Wolf von Lojewski leitete und moderierte von 1992 bis 2003 das ZDF-heutejournal. Von 2003 bis 2005 moderierte er die Sendung "Abenteuer Wissen". Am 13. April 2005 fiel mit dem Beitrag "Verborgene Gefahr: Die Botschaft der Falter" in der ZDF-Schwerpunktwoche "Abenteuer Schmetterling" der Startschuss für das TMD.

"Selten waren wir so begeistert, damals vor zehn Jahren... ein Schwerpunkt im Programm des ZDF, eine ernste Botschaft der Natur und als Überbringer Schmetterlinge! Hätten wir nicht abends gesendet, wahrscheinlich wären wir gleich aus dem Studio auf die nächste Wiese gestürzt, um Tagfalter zu zählen. Die meisten von uns haben mitgemacht bei der Aktion. Aber dann, ziemlich schnell, ging es wieder ab zur nächsten Krise. Wir Journalisten sind flatterhaft, wenigstens das verbindet uns mit den Schmetterlingen. Lob und Dank den Beharrlichen! Ich werde mich bessern, das ist ein Versprechen."


Prof. Dr. Johannes Vogel

Johannes Vogel ist Botaniker und seit 2012 Generaldirektor des Museums für Naturkunde, dem Leibniz-Institut für Evolutions- und Biodiversitätsforschung (MfN) in Berlin. Er gilt als einer der engagiertesten Befürworter der Bürgerwissenschaft in Deutschland.

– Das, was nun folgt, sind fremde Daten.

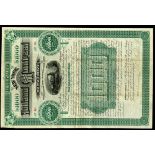 New York, Rutland and Montreal Railway $1000 Consolidated First Mortgage Gold Bond, 1884, green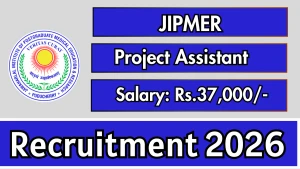 JIPMER Project Assistant Recruitment 2026 - Walkin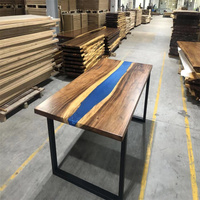 Meja Makan Kayu Walnut Gaya Mewah dengan Resin Epoxy untuk Restoran, Meja Makan Kayu dengan Resin Epoxy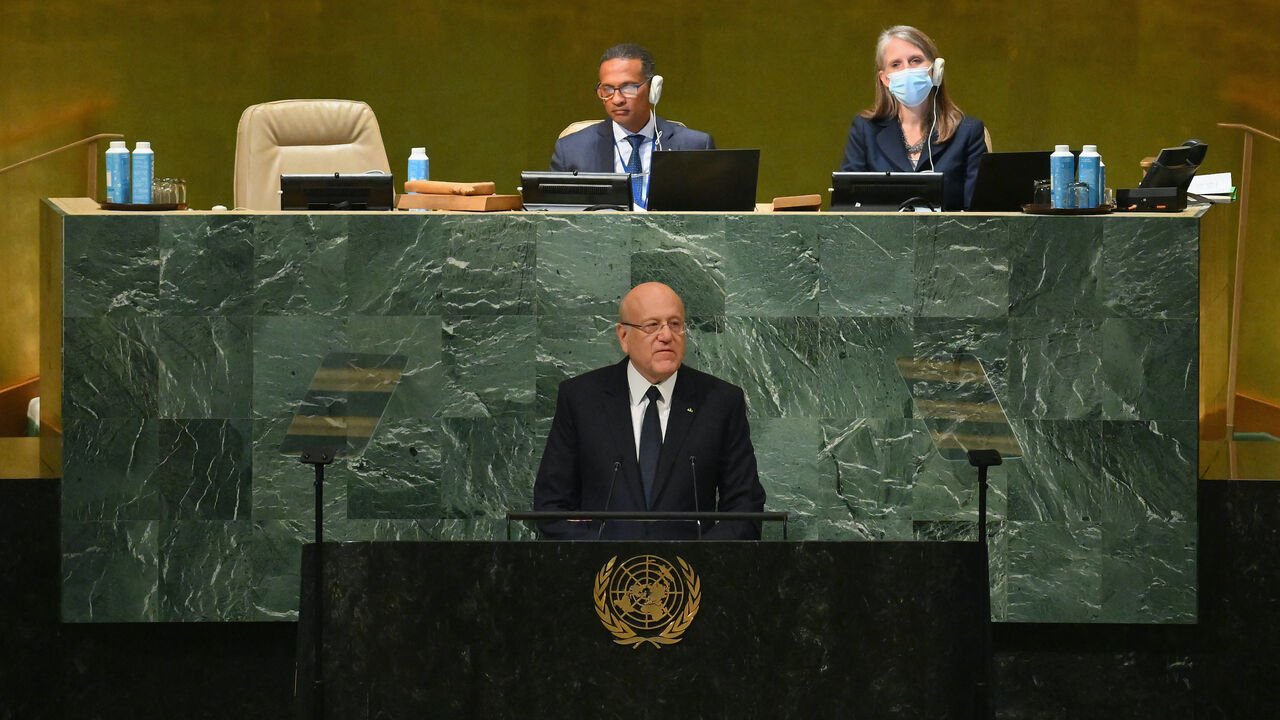 Lebanons caretaker Prime Minister Najib Mikati addresses the 77th session of the United Nations General Assembly at the UN headquarters in New York City on Sept. 21, 2022. 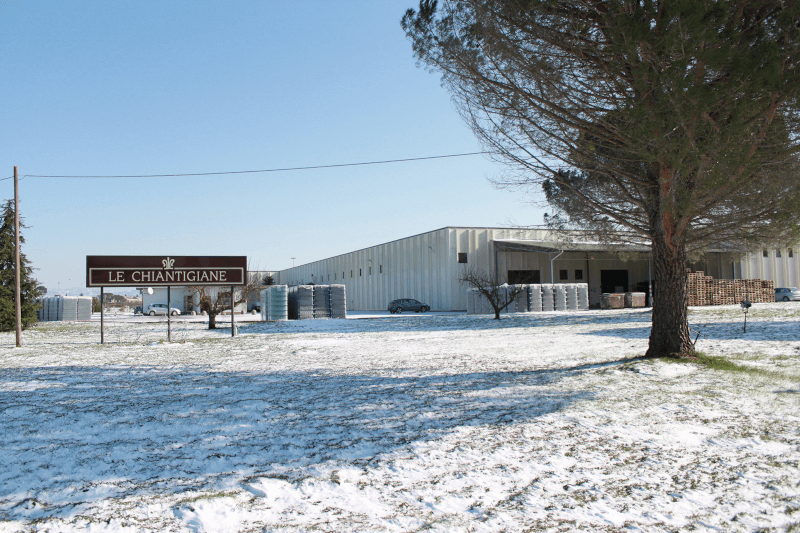 Die Kellerei von Le Chiantigiane im Winter Die Kellerei von Le Chiantigiane im Winter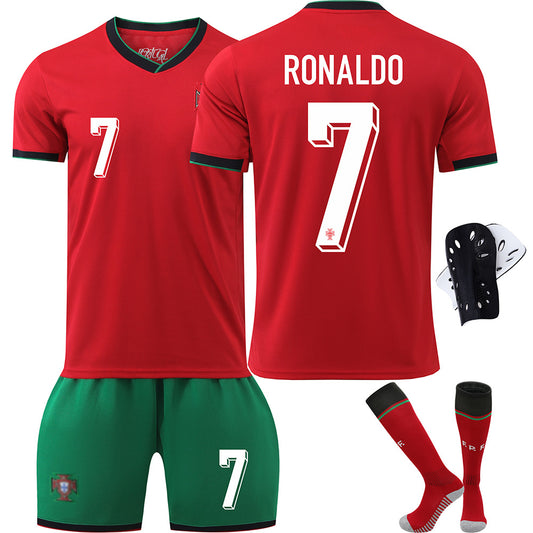2425 Portugal Shirt EM Cup Kids Football Shirt Set No.7 RONALDO With socks+protective gear L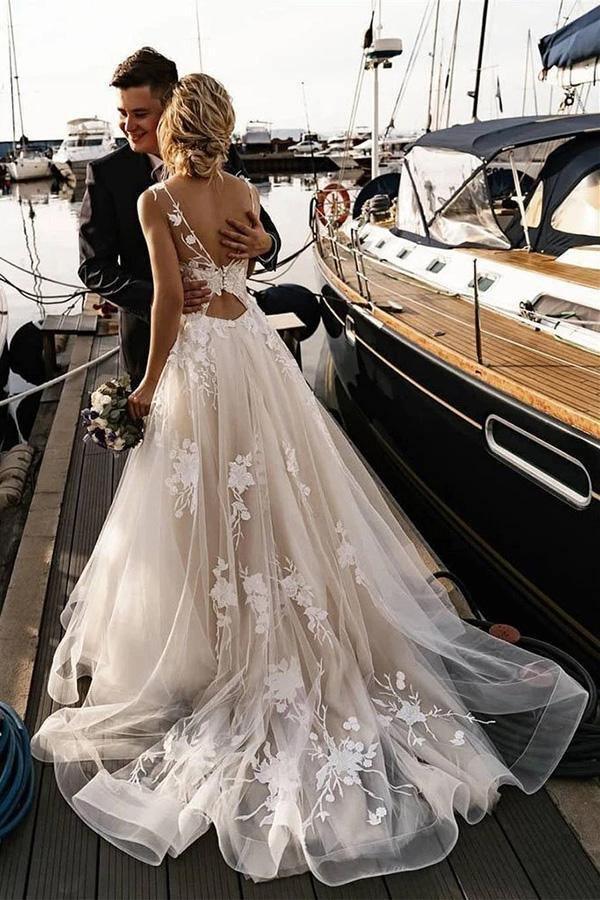 A-line Floral Applique Beach Wedding Dresses Backless Wedding Gown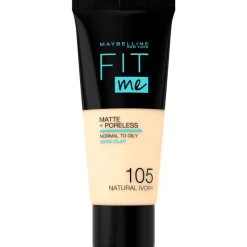 Hot Maybelline New York Fit Me Matte + Poreless Foundation 30 ML 105 Natural Ivory
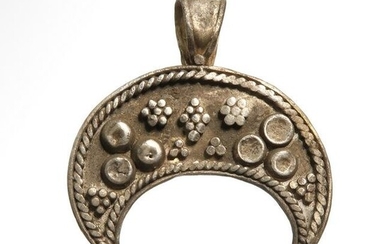Roman Silver Lunar Crescent Pendant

"Ich gratuliere dem UFZ zum Tagfaltermonitoring und dem Tagfaltermonitoring zum 10. Geburtstag! Wer mich kennt, weiß, dass ich ein großer Verfechter der Bürgerwissenschaft bin. Ich bin überzeugt, dass nicht nur Schulen, Zoos oder Naturkundemuseen Naturverständnis und Wissen vermitteln und Denken verändern können. Deshalb wünsche ich mir, dass das Tagfaltermonitoring Schule macht und Vorbild für viele neue Citizen-Science-Projekte an möglichst vielen Institutionen in Deutschland ist. Übrigens: Die Lieblingskrawatte unter meinen fast 300 heißt 'Tanz der Schmetterlinge'."


Prof. Dr. Jörg Junhold

Jörg Junhold ist Tierarzt und seit 1997 Direktor des Zoo Leipzig. Unter seiner Leitung hat der Leipziger Zoo eine strategische Neuausrichtung als "Zoo der Zukunft" erfahren und sich zu einem Besuchermagneten entwickelt. Von 2011 bis 2013 war Junhold Präsident des Weltverbandes der Zoos und Aquarien (WAZA).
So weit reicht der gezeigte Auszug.